Review Article

A Protective Role of Glibenclamide in Inflammation-Associated Injury

Figure 1

Anti-inflammatory mechanisms of glibenclamide. Glibenclamide blocks KATP channel to prevent K+ efflux and changes the membrane potential, which inhibits P2X7 receptor-mediated Ca2+ influx, resulting in reducing inflammatory cytokines.

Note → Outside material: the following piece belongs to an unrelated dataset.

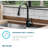 Avado Pull Down Single Handle Kitchen Faucet-49495869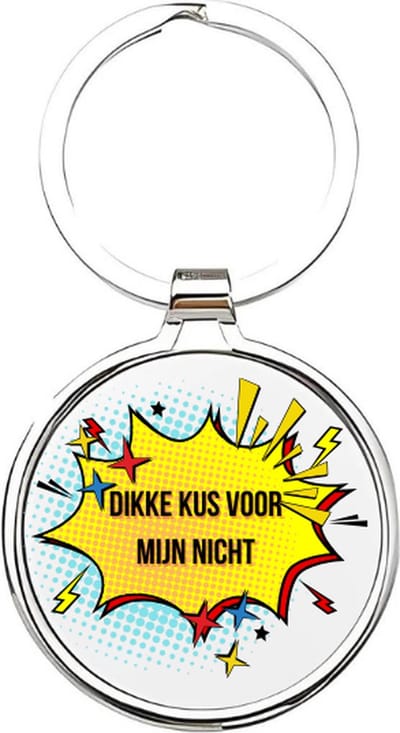 Akyol - Dikke kus voor mijn nicht Sleutelhanger - nicht - De leukste nicht - Nicht sleutelhanger - sleutelhanger - Sleutelhanger voor nichten - Familie sleutelhanger - verjaardagscadeautje - cadeau voor de liefste nicht - cousin - 4 x 7,5 CM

Glibenclamide blocks the Sur1-Trpm4 channel to decrease the BBB permeability, which reduces extravasated protein-induced production of TNF-α. Glibenclamide inhibition of Sur1-Trpm4 channel increases ROCE-mediated Ca2+ influx, which activates CaMKII and then inhibits CN/NFAT/Nos2 signaling. Glibenclamide can inhibit NLRP3 inflammasome-mediated production of IL-1β and reduce IL-13/4, which blocks the migration of eosinophils. The inhibitory effect is indicated by red lines with bar ends; the excitatory effect is indicated by green lines with arrow ends. ROCE: receptor-operated Ca2+ entry channel; CaMKII: Ca2+/calmodulin protein kinase II; CN: calcineurin; NFAT: nuclear of activated T cells; Nos2: inducible nitric oxide synthase gene; AP-1: activator protein-1; ERKs: extracellular signal-regulated kinases; JNKs: Jun N-terminal kinases; BBB: blood-brain barrier; p-STAT6: phosphorylated signal transducer and activator of transcription 6; VCAM-1: vascular cell adhesion molecular 1.